__Required action__.
What you write should be the line containing "Kelola Migas dan" followed by every line after it to the end of the listing, exactly as given, and nothing more.
-----
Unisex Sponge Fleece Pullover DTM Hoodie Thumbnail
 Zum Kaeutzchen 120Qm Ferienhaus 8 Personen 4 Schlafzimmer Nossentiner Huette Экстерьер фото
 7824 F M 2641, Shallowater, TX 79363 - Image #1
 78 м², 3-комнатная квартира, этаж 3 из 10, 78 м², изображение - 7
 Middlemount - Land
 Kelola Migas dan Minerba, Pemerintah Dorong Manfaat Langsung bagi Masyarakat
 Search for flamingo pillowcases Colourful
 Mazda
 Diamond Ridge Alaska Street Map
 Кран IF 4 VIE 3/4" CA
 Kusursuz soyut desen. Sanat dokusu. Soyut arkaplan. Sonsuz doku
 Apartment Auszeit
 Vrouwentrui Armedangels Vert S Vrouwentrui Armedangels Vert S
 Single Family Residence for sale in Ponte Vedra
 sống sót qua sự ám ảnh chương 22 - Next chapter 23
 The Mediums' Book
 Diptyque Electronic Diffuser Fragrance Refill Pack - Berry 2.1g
-----
__Your response__.
 Kelola Migas dan Minerba, Pemerintah Dorong Manfaat Langsung bagi Masyarakat
 Search for flamingo pillowcases Colourful
 Mazda
 Diamond Ridge Alaska Street Map
 Кран IF 4 VIE 3/4" CA
 Kusursuz soyut desen. Sanat dokusu. Soyut arkaplan. Sonsuz doku
 Apartment Auszeit
 Vrouwentrui Armedangels Vert S Vrouwentrui Armedangels Vert S
 Single Family Residence for sale in Ponte Vedra
 sống sót qua sự ám ảnh chương 22 - Next chapter 23
 The Mediums' Book
 Diptyque Electronic Diffuser Fragrance Refill Pack - Berry 2.1g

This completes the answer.